Uploaded image for project: 'MariaDB Server'
  1. MariaDB Server
  2. MDEV-18673

max_statement_time does not work for COMMIT in Galera cluster

Details

    • Bug
    • Status: Closed (View Workflow)
    • Major
    • Resolution: Not a Bug
    • 10.1.37, 10.2.23
    • N/A
    • Galera
    • None

    Description

      Normally max_statement_time setting work for statements in Galera cluster (statement is killed when it runs too long).

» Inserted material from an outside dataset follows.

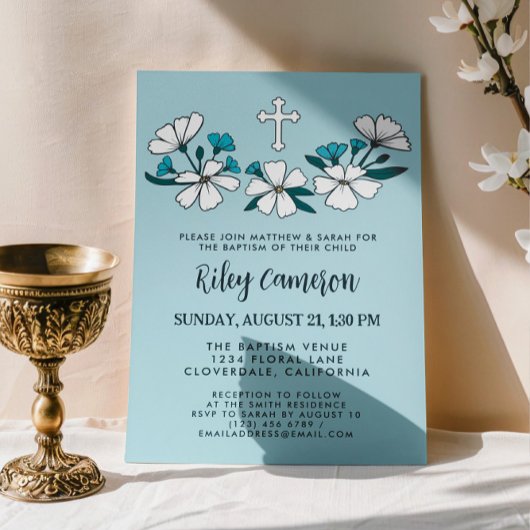 習慣的な白い青い花の少年バプテスマ 招待状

      Consider 2 nodes cluster and big enough table (without primary key) created and filled with data like this:

      MariaDB [test]> show create table t1\G
      *************************** 1. row ***************************
      Table: t1
      Create Table: CREATE TABLE `t1` (
      `id` int(11) NOT NULL AUTO_INCREMENT,
      `val` int(11) DEFAULT NULL,
      PRIMARY KEY (`id`)
      ) ENGINE=InnoDB AUTO_INCREMENT=3054 DEFAULT CHARSET=latin1
      1 row in set (0.00 sec)
       
      MariaDB [test]> create table tbig(c1 int, c2 char(200)) engine=InnoDB;
      Query OK, 0 rows affected (0.30 sec)
       
      MariaDB [test]> insert into tbig values (1, repeat('a', 200)), (2, repeat('b',200));
      Query OK, 2 rows affected (0.13 sec)
      Records: 2 Duplicates: 0 Warnings: 0
       
      MariaDB [test]> insert into tbig select * from tbig;
      Query OK, 2 rows affected (0.09 sec)
      Records: 2 Duplicates: 0 Warnings: 0
       
      ...
       
      MariaDB [test]> insert into tbig select * from tbig;
      Query OK, 524288 rows affected (21.87 sec)
      Records: 524288 Duplicates: 0 Warnings: 0
      

      When we run INSERT ... SELECT we can make sure it does not run too long:

      MariaDB [test]> show variables like 'gtid%';
      +------------------------+---------+
      | Variable_name          | Value   |
      +------------------------+---------+
      | gtid_binlog_pos        | 0-10-25 |
      | gtid_binlog_state      | 0-10-25 |
      | gtid_current_pos       | 0-10-25 |
      | gtid_domain_id         | 0       |
      | gtid_ignore_duplicates | OFF     |
      | gtid_seq_no            | 0       |
      | gtid_slave_pos         |         |
      | gtid_strict_mode       | OFF     |
      +------------------------+---------+
      8 rows in set (0.00 sec)
       
      MariaDB [test]> set statement max_statement_time=5 for insert into tbig select * from tbig limit 1000;
      Query OK, 1000 rows affected (0.14 sec)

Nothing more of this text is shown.